* WORK ORDER *
Every line below from the one with "Woman sitting at" through the one with "Puede incluir: Un" should be retyped exactly, both ends included; no other lines and no pictures.

* MATERIAL FOR THIS TASK *

.....

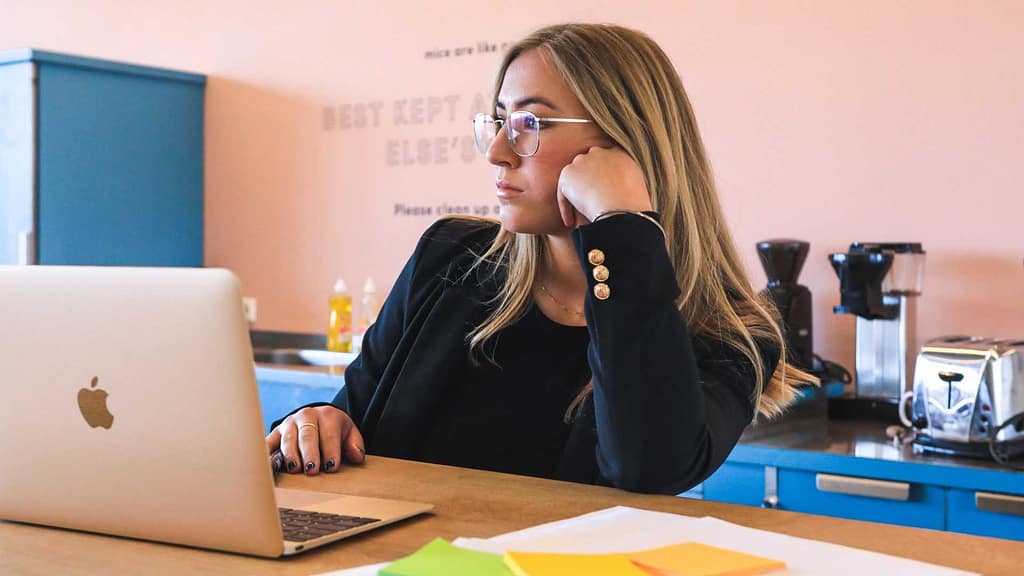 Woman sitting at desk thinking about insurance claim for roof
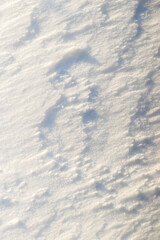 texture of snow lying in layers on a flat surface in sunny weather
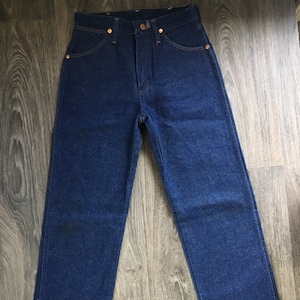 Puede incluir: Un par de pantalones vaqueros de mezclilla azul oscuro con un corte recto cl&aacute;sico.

.....

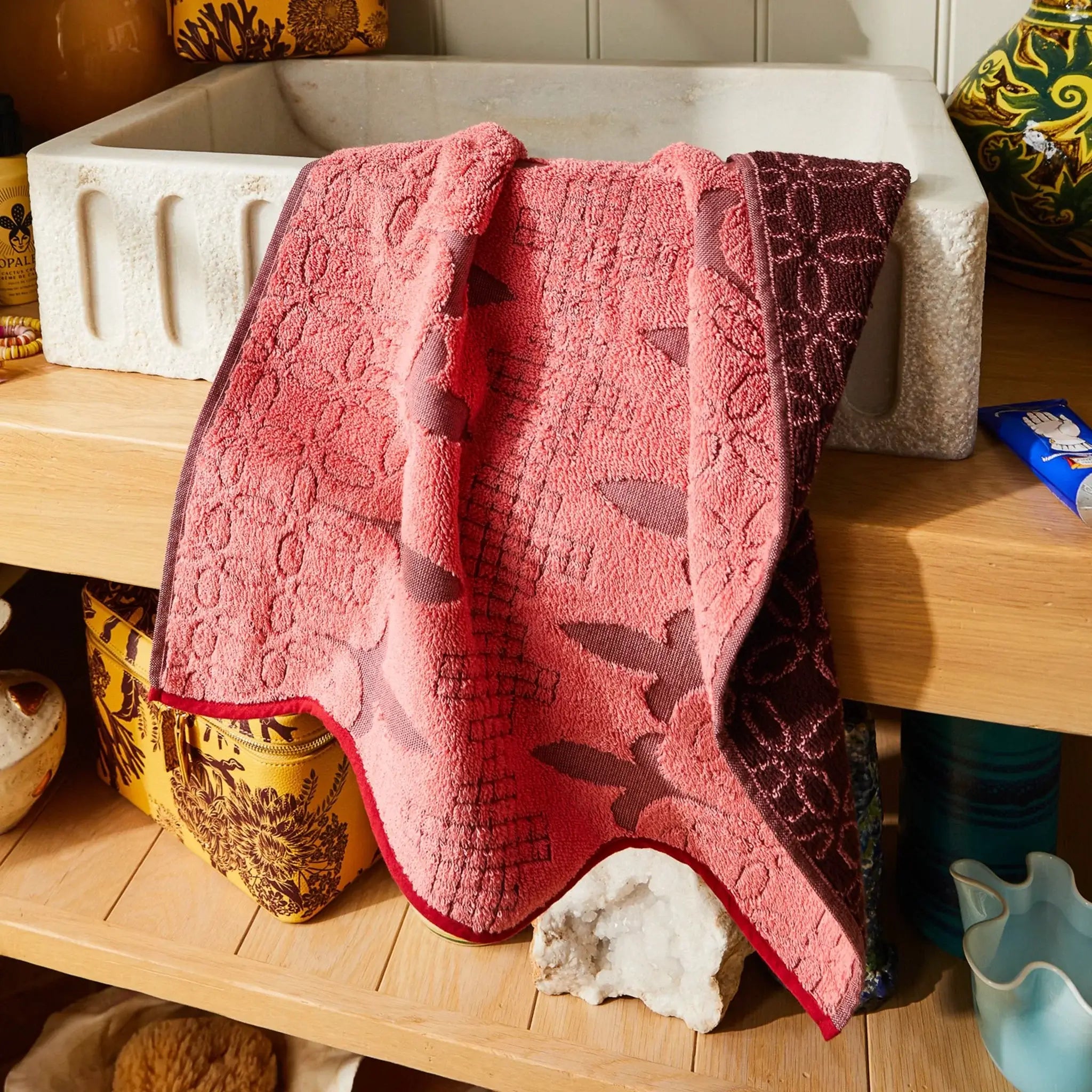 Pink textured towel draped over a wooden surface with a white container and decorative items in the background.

.....

* SOLUTION FOR THIS TASK *
 Woman sitting at desk thinking about insurance claim for roof
 texture of snow lying in layers on a flat surface in sunny weather
 Puede incluir: Un par de pantalones vaqueros de mezclilla azul oscuro con un corte recto cl&aacute;sico.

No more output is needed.